Assignment: Without any images, write the data out exactly as it appears.

The data:
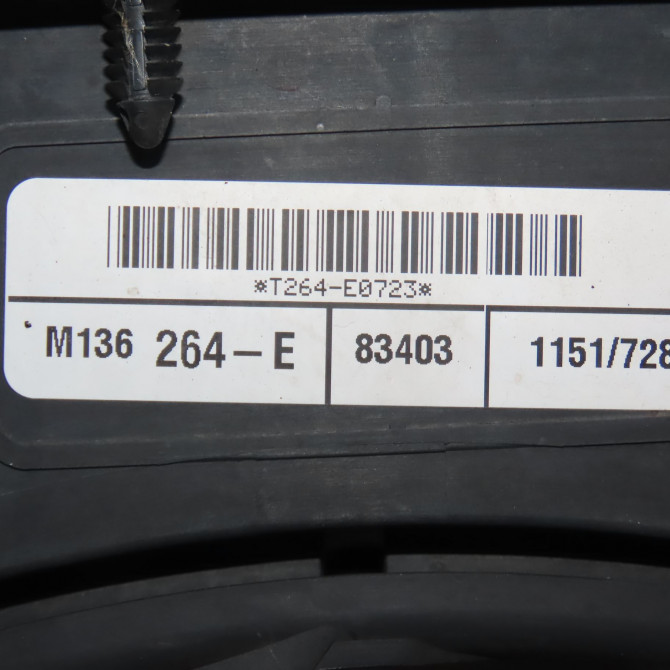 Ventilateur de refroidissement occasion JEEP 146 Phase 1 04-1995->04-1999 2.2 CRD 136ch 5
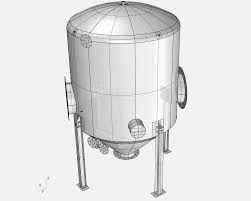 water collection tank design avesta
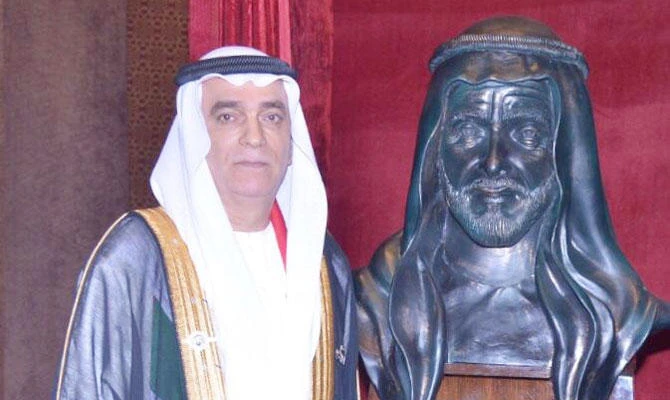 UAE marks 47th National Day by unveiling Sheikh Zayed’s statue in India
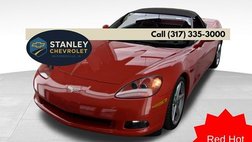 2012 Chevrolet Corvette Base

Written response:
 Ventilateur de refroidissement occasion JEEP 146 Phase 1 04-1995->04-1999 2.2 CRD 136ch 5
 water collection tank design avesta
 UAE marks 47th National Day by unveiling Sheikh Zayed’s statue in India
 2012 Chevrolet Corvette Base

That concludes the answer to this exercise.